Fenómenos climáticos extremos tiveram "profundo efeito nas causas de doença e de morte dos portugueses"

Agência Lusa , DCT
15 nov, 16:21
Manuel Pizarro (Lusa/Tiago Petinga)

Ministro da Saúde adiantou que já não é apenas o frio no inverno, como era tradicional, mas calor extremo no verão, que nos últimos anos, designadamente em 2022, terá tido um impacto muito negativo

O ministro da Saúde, Manuel Pizarro, alertou esta terça-feira que os fenómenos climáticos extremos tiveram “um profundo efeito” nas causas de doença e de morte dos portugueses e pediu urgência no combate às alterações climáticas.

Manuel Pizarro falava à agência Lusa à margem das comemorações do Dia do Instituto Nacional de Saúde Doutor Ricardo Jorge (INSA), que incluíram uma conferência com o tema Alterações Climáticas – Impacto na Saúde proferida pelo médico infecciologista Kamal Mansinho.

Questionado se as alterações climáticas já se estão a fazer sentir na saúde dos portugueses, Manuel Pizarro afirmou que sim e defendeu que “não se pode perder tempo” no combate a este fenómeno.

“Eu não quero antecipar o estudo que está a ser feito, designadamente sobre as diferenças de mortalidade dos últimos anos, mas parece óbvio, numa avaliação preliminar, que para além do impacto terrível da pandemia - e esse impacto da pandemia não está desligado das mudanças climáticas - há também nas causas de doença e de morte dos portugueses um profundo efeito dos fenómenos climáticos extremos”, disse o governante.

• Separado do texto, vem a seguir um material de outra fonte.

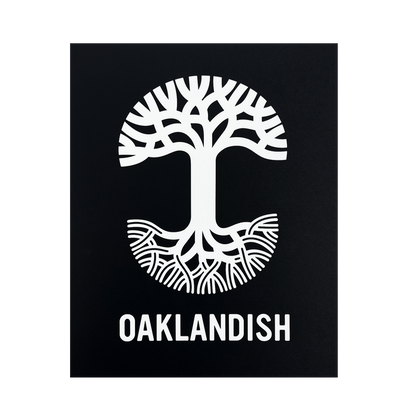 A black background showcases a striking white graphic of a tree creatively designed to resemble the letter "T," with the top half depicting branches and the bottom half depicting roots. Below this symbolic tree, "OAKLANDISH" is prominently featured in uppercase letters on a silver foil cardstock print, known as the Oaklandish New Logo Print by Never Elsewhere.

Manuel Pizarro adiantou que já não é apenas o frio no inverno, como era tradicional, mas calor extremo no verão, que nos últimos anos, designadamente em 2022, terá tido um impacto muito negativo.

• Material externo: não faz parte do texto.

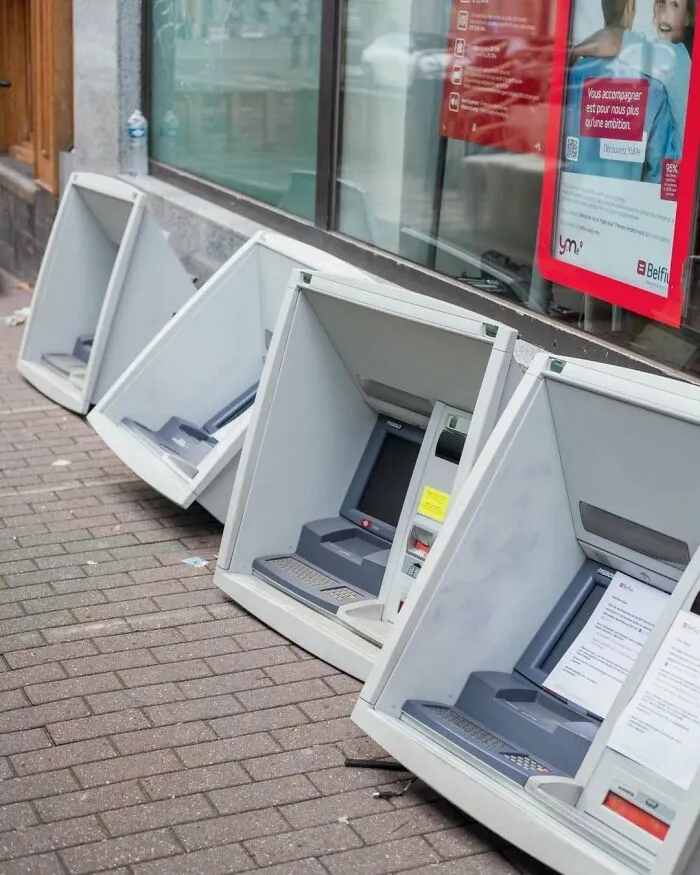 Several broken ATMs tipped over on a sidewalk, showcasing one of the weirdest and most unhinged things seen on the streets of Brussels.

“Isto tem de ser acompanhado, mas há uma evidência que salta aos olhos de todos. Não podemos perder tempo e não nos podemos atrasar no combate às alterações climáticas”, defendeu.

O ministro observou ainda que o próprio sistema de saúde também contribui para as alterações climáticas: “Temos muitas instituições de saúde que são produtoras de energia e são fomentadoras de aquecimento”.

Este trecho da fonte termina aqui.